# Exosome-Enhanced Sonodynamic Therapy in Cancer: Emerging Synergies and Modulation of the Tumor Microenvironment

**Authors:** Giulia Chiabotto, Marzia Conte, Valentina Cauda

PMC · DOI: 10.3390/cancers18010118 · Cancers · 2025-12-30

## TL;DR

This review explores using exosomes to improve sonodynamic therapy for cancer, enhancing drug delivery and tumor targeting while reducing side effects.

## Contribution

The paper introduces a comprehensive overview of using exosomes to enhance sonodynamic therapy, focusing on tumor targeting and microenvironment modulation.

## Key findings

- Exosomes improve the stability and tumor targeting of sonosensitizers in sonodynamic therapy.
- Combining exosomes with SDT can stimulate immune responses and reshape the tumor microenvironment.
- EV-based SDT shows potential for clinical translation with reduced side effects and improved therapeutic precision.

## Abstract

Standard cancer treatments often cause severe side effects and struggle to reach deep-seated tumors, creating an urgent need for safer, more precise therapies. Sonodynamic therapy (SDT) has emerged as a promising non-invasive approach that uses harmless sound waves to activate special drugs capable of killing cancer cells.

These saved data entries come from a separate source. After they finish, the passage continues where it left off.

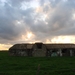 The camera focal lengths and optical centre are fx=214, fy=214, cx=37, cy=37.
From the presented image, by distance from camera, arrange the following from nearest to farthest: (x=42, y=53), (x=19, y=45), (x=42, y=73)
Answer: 1. (x=42, y=73)
2. (x=42, y=53)
3. (x=19, y=45)

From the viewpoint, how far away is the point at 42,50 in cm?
6906

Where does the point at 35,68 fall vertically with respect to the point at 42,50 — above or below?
below

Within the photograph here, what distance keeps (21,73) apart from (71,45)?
53.7m

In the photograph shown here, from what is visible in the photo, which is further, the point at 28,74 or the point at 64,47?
the point at 64,47

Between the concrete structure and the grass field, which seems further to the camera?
the concrete structure

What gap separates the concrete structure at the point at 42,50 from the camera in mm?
69062

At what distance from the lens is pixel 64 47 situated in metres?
72.9

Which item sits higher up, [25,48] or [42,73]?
[25,48]

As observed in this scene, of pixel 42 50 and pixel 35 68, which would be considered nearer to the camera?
pixel 35 68

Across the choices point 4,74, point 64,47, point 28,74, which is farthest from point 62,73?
point 64,47

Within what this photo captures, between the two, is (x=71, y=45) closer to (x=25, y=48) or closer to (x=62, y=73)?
(x=25, y=48)

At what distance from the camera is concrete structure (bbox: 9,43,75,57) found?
69.1 metres


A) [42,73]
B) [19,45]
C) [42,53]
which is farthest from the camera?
[19,45]

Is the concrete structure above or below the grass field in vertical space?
above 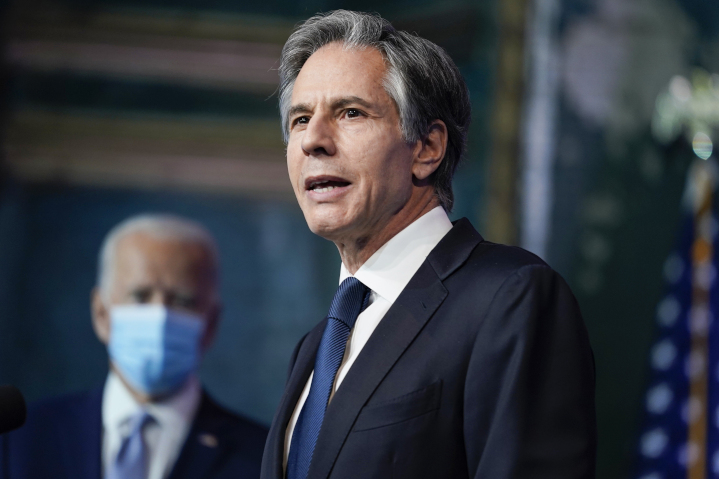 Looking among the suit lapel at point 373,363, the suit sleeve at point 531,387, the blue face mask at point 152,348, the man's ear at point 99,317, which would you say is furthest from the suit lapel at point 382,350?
the man's ear at point 99,317

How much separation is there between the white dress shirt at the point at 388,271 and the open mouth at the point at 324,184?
0.44 ft

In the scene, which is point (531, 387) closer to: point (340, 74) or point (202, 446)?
point (340, 74)

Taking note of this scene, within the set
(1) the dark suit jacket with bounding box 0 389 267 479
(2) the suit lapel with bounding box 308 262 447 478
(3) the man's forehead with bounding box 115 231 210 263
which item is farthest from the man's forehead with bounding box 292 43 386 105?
(3) the man's forehead with bounding box 115 231 210 263

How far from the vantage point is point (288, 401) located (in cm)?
133

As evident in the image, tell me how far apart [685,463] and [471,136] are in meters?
2.15

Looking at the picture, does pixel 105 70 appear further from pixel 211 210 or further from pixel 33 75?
pixel 211 210

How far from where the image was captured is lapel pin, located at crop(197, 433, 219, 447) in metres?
3.37

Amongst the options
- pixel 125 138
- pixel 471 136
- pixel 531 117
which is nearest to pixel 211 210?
pixel 125 138

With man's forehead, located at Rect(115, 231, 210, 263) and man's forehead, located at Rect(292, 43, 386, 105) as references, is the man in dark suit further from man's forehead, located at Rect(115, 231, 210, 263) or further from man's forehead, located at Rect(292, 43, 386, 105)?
man's forehead, located at Rect(115, 231, 210, 263)

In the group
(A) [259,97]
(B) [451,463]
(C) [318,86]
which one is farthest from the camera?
(A) [259,97]

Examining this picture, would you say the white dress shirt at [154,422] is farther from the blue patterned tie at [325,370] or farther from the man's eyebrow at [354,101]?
the man's eyebrow at [354,101]

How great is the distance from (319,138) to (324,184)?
85 mm

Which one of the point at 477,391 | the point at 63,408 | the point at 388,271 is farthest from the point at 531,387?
the point at 63,408

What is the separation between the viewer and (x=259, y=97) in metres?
4.42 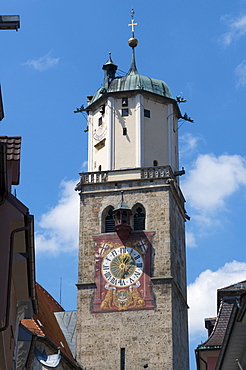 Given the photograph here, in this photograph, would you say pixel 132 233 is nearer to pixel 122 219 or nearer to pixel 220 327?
pixel 122 219

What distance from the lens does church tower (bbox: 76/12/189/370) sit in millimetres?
36281

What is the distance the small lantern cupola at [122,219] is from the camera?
37562mm

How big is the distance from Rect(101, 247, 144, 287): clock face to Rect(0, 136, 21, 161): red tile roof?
23980 mm

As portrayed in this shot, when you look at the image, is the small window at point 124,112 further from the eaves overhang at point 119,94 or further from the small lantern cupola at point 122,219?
the small lantern cupola at point 122,219

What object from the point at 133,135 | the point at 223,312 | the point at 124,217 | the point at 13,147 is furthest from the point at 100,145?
the point at 13,147

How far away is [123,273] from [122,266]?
0.96ft

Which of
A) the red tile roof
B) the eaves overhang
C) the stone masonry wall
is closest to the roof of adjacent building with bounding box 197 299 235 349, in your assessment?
→ the red tile roof

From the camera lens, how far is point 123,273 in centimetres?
3734

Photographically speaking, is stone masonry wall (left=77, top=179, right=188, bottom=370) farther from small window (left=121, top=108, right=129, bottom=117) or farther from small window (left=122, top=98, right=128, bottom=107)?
small window (left=122, top=98, right=128, bottom=107)

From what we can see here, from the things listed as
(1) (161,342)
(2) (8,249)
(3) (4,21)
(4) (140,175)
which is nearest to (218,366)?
(2) (8,249)

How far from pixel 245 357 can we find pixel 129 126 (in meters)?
26.9

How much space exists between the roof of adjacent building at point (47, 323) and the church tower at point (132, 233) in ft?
3.43

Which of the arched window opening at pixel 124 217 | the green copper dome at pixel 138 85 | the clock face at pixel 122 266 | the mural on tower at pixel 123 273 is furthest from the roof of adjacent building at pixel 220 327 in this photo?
the green copper dome at pixel 138 85

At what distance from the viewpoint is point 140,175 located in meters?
39.0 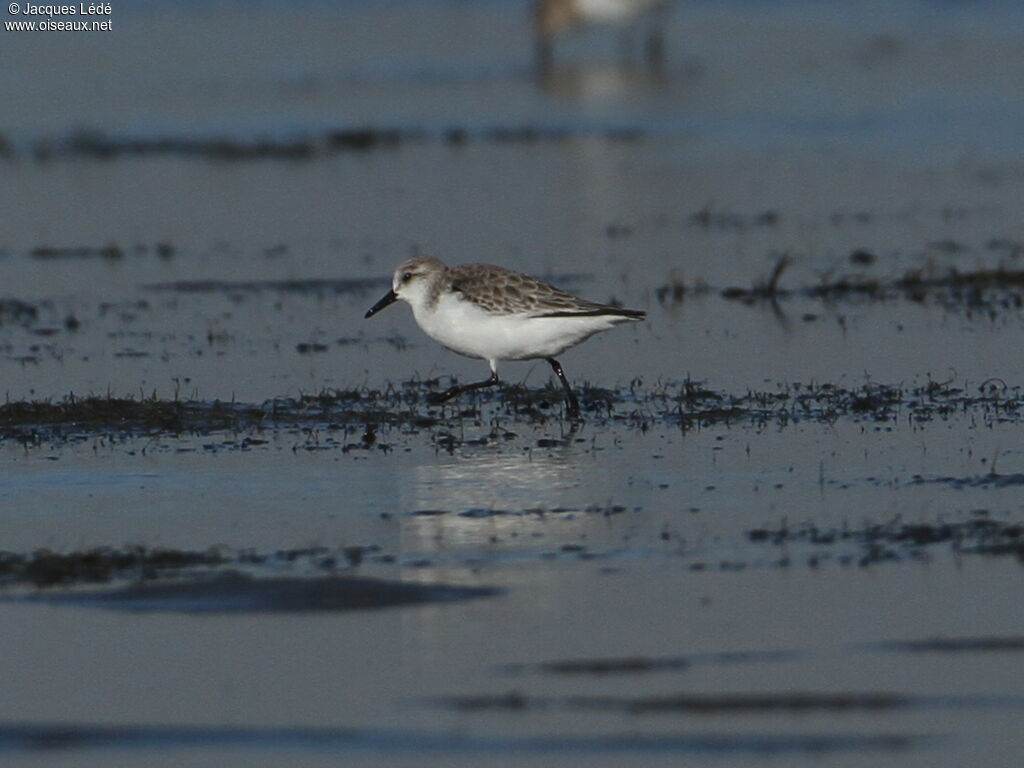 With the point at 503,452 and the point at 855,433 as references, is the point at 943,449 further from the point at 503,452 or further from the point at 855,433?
the point at 503,452

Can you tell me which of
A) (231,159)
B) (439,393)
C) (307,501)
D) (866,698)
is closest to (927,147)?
(231,159)

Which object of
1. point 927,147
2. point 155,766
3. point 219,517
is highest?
point 927,147

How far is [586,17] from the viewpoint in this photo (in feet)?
137

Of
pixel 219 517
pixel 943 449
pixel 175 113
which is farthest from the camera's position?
pixel 175 113

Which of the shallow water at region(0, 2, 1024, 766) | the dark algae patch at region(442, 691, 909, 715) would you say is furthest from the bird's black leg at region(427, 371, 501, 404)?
the dark algae patch at region(442, 691, 909, 715)

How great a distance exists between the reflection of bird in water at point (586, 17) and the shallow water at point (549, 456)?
1056cm

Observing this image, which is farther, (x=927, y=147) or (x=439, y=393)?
(x=927, y=147)

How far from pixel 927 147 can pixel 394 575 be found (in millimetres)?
19542

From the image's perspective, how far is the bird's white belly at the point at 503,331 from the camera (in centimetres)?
1243

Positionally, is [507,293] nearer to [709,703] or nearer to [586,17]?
[709,703]

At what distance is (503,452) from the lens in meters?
11.5

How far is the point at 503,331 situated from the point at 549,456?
1419 millimetres

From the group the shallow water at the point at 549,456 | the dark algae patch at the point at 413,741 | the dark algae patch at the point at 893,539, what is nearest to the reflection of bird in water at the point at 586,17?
the shallow water at the point at 549,456

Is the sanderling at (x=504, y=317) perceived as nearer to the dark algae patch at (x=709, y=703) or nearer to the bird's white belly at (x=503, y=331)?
the bird's white belly at (x=503, y=331) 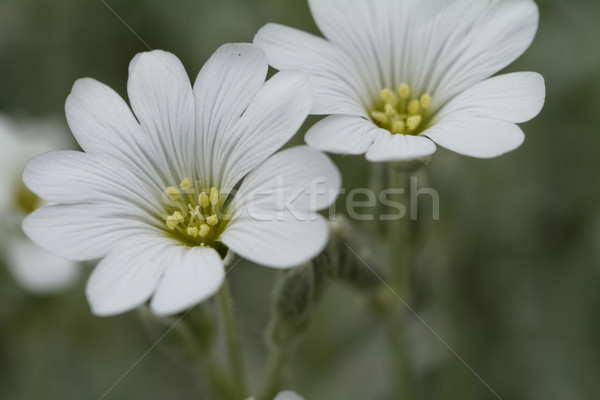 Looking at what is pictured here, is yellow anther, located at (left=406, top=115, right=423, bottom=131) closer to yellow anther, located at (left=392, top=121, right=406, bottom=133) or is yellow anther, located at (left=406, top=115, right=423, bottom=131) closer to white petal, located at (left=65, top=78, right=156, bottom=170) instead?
yellow anther, located at (left=392, top=121, right=406, bottom=133)

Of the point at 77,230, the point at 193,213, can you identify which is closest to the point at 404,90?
the point at 193,213

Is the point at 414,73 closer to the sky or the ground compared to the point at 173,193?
closer to the sky

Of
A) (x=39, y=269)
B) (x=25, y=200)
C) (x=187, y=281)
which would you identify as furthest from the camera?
(x=25, y=200)

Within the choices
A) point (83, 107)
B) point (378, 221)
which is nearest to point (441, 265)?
point (378, 221)

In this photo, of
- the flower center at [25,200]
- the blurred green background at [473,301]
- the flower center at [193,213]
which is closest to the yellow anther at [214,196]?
the flower center at [193,213]

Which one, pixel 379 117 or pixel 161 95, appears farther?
pixel 379 117

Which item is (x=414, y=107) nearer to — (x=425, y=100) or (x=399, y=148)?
(x=425, y=100) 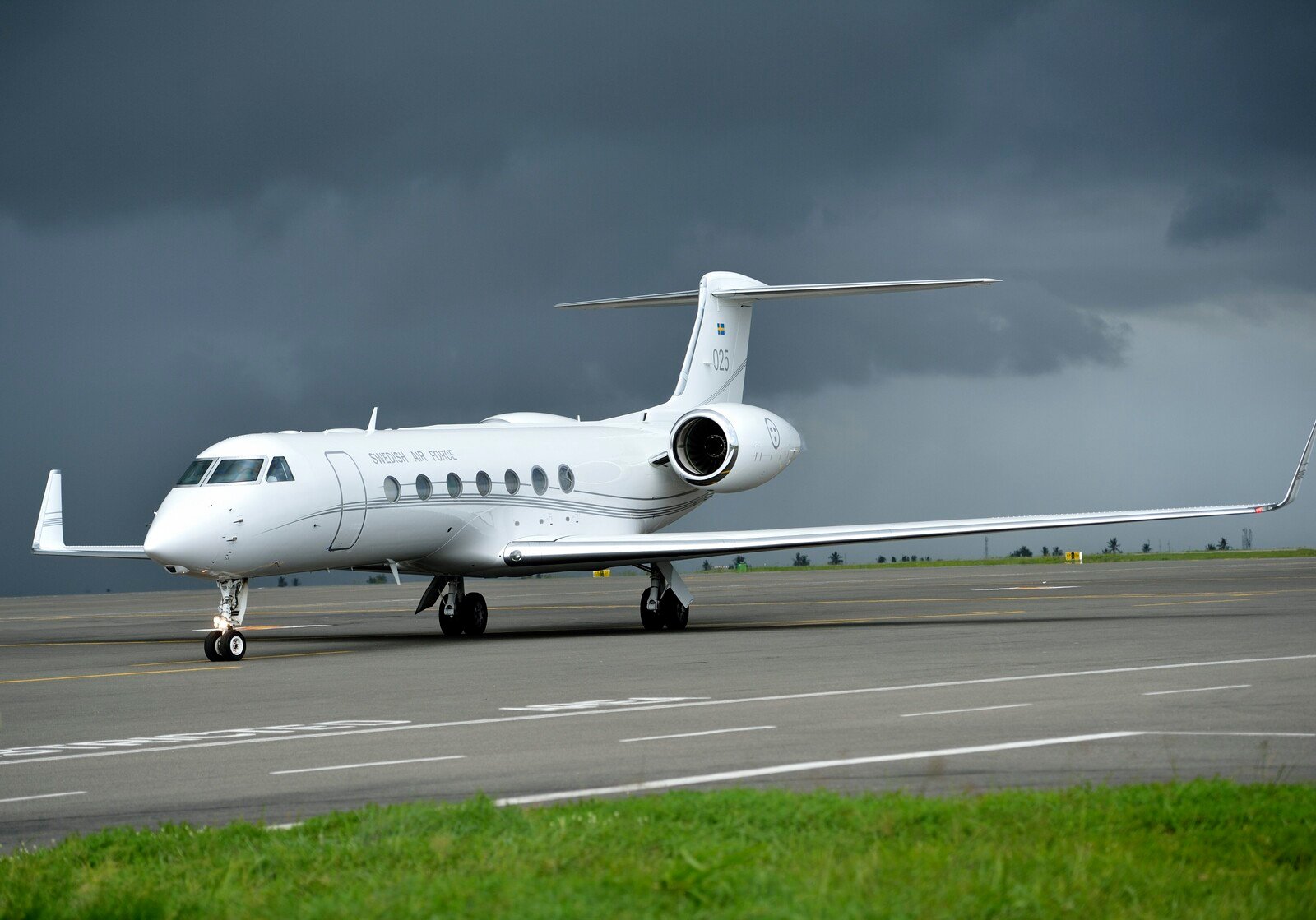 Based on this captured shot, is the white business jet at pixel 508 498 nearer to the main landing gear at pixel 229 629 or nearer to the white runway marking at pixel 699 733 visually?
the main landing gear at pixel 229 629

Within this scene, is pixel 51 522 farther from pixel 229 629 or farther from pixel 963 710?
pixel 963 710

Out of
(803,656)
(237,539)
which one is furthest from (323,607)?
(803,656)

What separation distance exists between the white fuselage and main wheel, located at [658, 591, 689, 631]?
2.40 m

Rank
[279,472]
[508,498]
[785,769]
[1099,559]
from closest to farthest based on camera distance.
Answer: [785,769] < [279,472] < [508,498] < [1099,559]

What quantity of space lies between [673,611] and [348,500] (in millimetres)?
6602

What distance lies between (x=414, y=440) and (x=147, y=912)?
20569mm

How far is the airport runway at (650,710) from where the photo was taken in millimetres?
9727

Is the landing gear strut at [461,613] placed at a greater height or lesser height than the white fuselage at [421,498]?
lesser

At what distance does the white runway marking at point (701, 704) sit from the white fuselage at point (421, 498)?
1002 cm

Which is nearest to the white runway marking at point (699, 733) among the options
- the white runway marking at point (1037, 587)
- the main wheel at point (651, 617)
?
the main wheel at point (651, 617)

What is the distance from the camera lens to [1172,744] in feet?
34.7

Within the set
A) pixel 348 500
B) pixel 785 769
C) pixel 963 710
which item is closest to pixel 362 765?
pixel 785 769

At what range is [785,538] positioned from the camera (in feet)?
89.4

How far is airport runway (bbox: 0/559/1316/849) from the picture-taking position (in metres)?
9.73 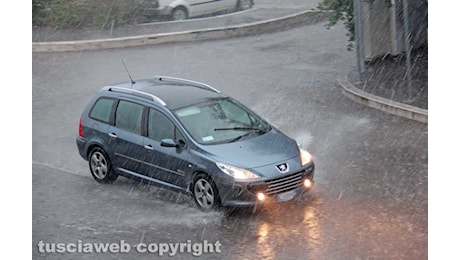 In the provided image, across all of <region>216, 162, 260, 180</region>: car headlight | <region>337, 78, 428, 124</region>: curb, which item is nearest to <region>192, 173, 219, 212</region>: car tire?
<region>216, 162, 260, 180</region>: car headlight

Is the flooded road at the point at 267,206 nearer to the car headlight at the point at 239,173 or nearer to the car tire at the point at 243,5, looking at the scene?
the car headlight at the point at 239,173

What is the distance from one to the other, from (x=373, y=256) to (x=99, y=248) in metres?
3.10

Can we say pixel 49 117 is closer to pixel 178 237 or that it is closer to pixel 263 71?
pixel 263 71

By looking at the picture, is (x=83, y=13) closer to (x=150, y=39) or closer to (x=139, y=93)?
(x=150, y=39)

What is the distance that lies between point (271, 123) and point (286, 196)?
438 centimetres

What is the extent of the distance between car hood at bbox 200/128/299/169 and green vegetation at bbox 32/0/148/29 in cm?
1088

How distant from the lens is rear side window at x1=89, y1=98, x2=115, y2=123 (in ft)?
37.4

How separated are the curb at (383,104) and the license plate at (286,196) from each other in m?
4.44

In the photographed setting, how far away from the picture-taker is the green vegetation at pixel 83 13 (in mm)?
20500

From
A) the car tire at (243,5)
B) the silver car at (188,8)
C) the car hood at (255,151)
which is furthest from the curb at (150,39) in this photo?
the car hood at (255,151)

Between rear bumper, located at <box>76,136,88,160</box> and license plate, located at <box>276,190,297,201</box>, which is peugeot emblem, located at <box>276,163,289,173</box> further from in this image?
rear bumper, located at <box>76,136,88,160</box>

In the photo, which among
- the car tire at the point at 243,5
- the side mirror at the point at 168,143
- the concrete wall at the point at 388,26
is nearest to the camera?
the side mirror at the point at 168,143

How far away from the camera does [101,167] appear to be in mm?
11453

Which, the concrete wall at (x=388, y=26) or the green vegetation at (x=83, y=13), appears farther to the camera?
the green vegetation at (x=83, y=13) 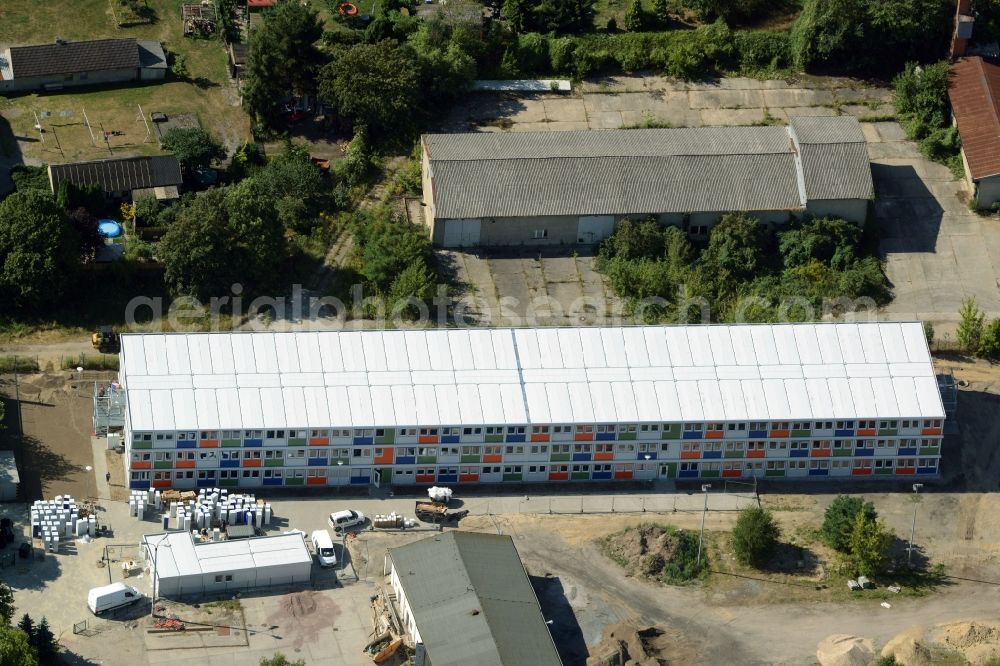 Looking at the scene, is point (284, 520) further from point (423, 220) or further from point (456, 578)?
point (423, 220)

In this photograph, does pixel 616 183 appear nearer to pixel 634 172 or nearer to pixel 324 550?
pixel 634 172

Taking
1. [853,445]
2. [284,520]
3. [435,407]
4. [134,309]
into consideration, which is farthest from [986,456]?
[134,309]

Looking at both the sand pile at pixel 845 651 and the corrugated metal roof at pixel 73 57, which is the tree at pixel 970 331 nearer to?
the sand pile at pixel 845 651

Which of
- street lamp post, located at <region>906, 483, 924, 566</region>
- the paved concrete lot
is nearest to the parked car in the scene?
street lamp post, located at <region>906, 483, 924, 566</region>

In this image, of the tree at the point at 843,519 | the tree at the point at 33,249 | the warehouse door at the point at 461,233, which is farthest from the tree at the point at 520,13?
the tree at the point at 843,519

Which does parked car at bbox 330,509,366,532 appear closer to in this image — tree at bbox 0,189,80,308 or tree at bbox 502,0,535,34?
tree at bbox 0,189,80,308

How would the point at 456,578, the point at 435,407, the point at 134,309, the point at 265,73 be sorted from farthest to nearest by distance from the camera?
the point at 265,73 → the point at 134,309 → the point at 435,407 → the point at 456,578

However, achieving effective delivery and accumulation of these drugs within tumors remains challenging. This review explores an innovative strategy that employs tiny particles released by cells, called extracellular vesicles (EVs), as smart carriers to deliver these drugs directly to tumors. Since EVs are naturally produced by the body, they are well-tolerated and can be engineered to enhance drug stability and tumor targeting. By combining SDT with EV-based drug delivery, it may be possible not only to destroy cancer cells more precisely, but also to stimulate the immune system to fight the disease, paving the way for safer and more effective cancer therapies.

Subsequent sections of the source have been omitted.